AT the present time, when so much is being said about the department of Oratory and Rhetoric in our own College, and an effort is being made to improve the condition of our literary societies, it is neither uninteresting nor profitless to ascertain how much importance is attached to these arts in foreign universities, and to examine the success of undergraduate clubs formed for the purpose of fostering them. The Oxford Union Society is an organization of this character, and the report of the celebration of its fiftieth anniversary in the London Times, of October 23, affords good evidence of its success, and shows how prized among Englishmen is the power to express their thoughts with ease and clearness, whatever be the number of listeners.

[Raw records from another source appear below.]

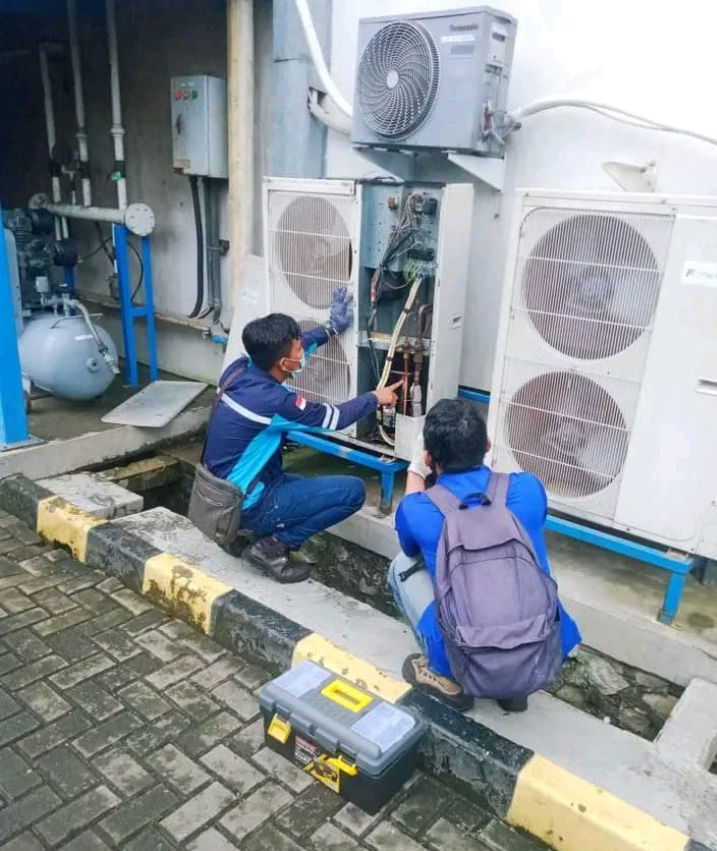 Overhaul Cleanning AC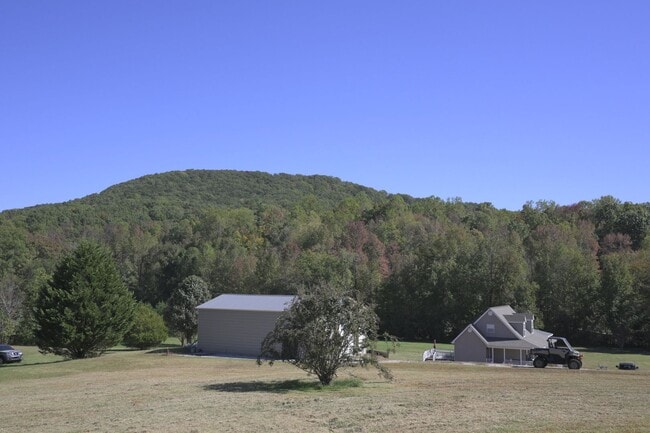 Building Photo - 3-bed, 2-bath house on 1.2 acres with stunning views of the mountains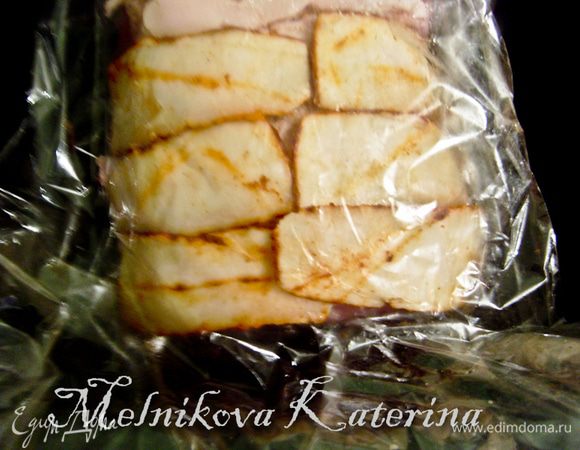 Далее необходимо подготовить сало, подойдет даже старое из запасов в холодильнике. Если Вы покупаете сало в магазине, попросите сразу сделать тонкую нарезку, так удобнее и быстрее будет оборачивать. Но если нарезки нет, то можно нарезать сало на небольшие, но тонкие (примерно 2 мм толщиной) кусочки/брусочки. Положить мясо в рукав для запекания и обложить всю поверхность мяса салом (делать это рекомендую сразу в рукаве, поскольку потом неудобно будет помещать обернутое мясо в рукав). Положив руку на верхнюю обернутую часть мяса, перевернуть обратной стороной и также обложить. Мясо должно получиться полностью обернутым. Никакого масла и жира в рукав дополнительно добавлять не нужно. 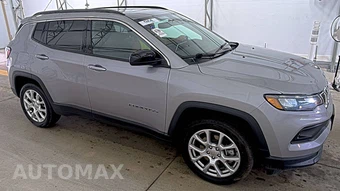 2023 Jeep Compass Latitude Lux - miniatura 3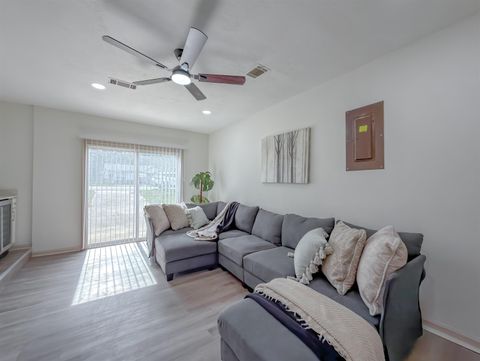 Tiny photo for 2059 Little River Lane, Tallahassee, FL 32311 (MLS # 400182)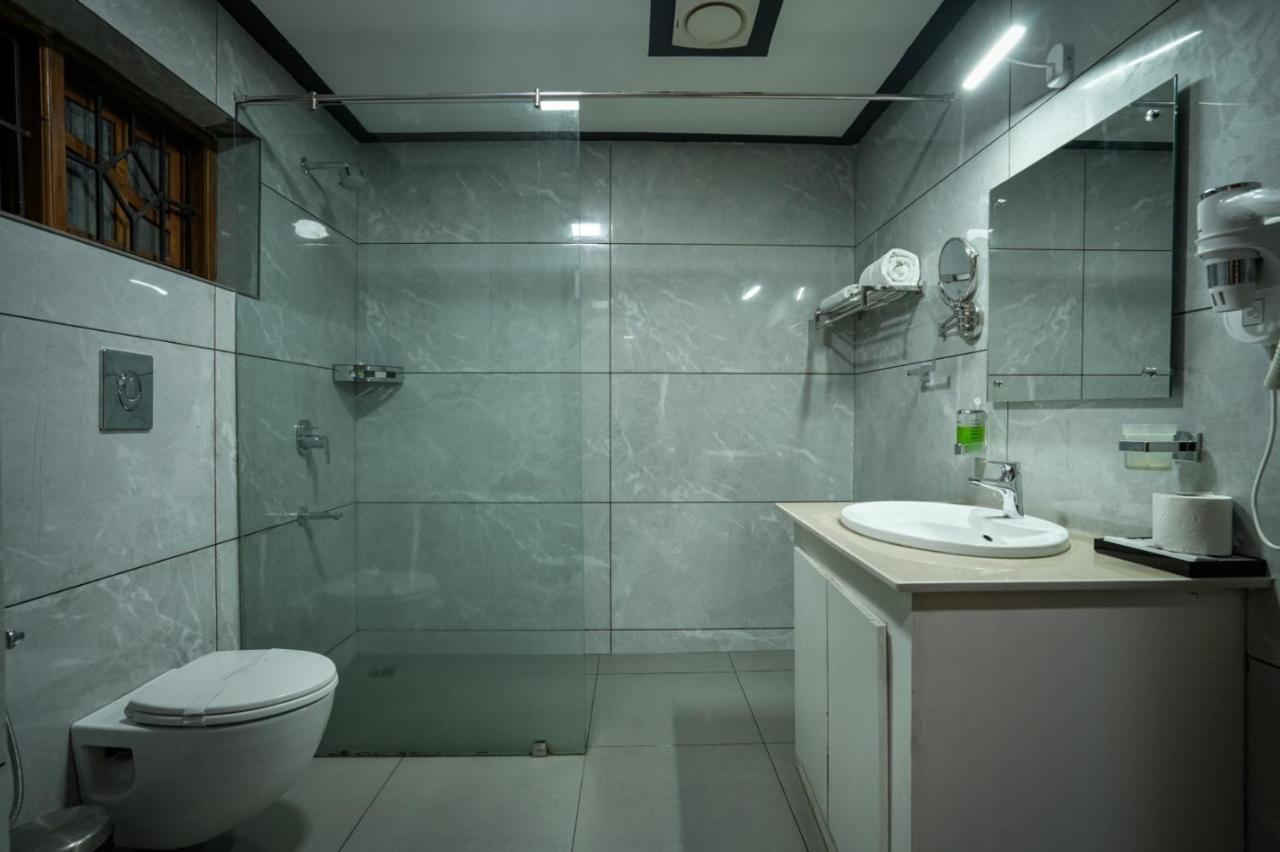 Empire Residency Hotel Tiruvalla Eksteriør billede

The anniversary banquet was held in the Corn Exchange, Oxford, and so great was the number of guests that special trains were run from London for their accommodation. Lord Selborne, Lord High Chancellor, presided, and among the company, which comprised many of England's most distinguished men, were the Bishop of Oxford, the Marquis of Salisbury, the Archbishop of Canterbury, Archbishop Manning, Mr. Cardwell, of the Cabinet, and Matthew Arnold. The after-dinner speeches were many in number, and one distinguished gentleman after another acknowledged how much good he had derived from the Union in his younger days. We quote from the speech of the Lord Chancellor in proposing the "prosperity of the Society" as a toast: "He did not propose to enter now into the question which had divided the minds of the venerable founders of that Society, whether eloquence had been productive of more good or of more evil; but, at all events, in all nations that breathed the atmosphere of freedom eloquence had been at all times one of the most potent influences of society, from the days of Pericles and Demosthenes to those of Cicero, and from the days of Cicero to those of Pitt and Canning. In all such countries the power of speech had ruled in the Church, in the law, and in the senate. The government of men had been with that power, it was so still, and it would, he doubted not, long continue so; and if the cultivation of that power were neglected in the principal places of education, they would be neglecting one of the chief instruments by which to perform the duties of their future lives."
When shall we have such a society at Harvard?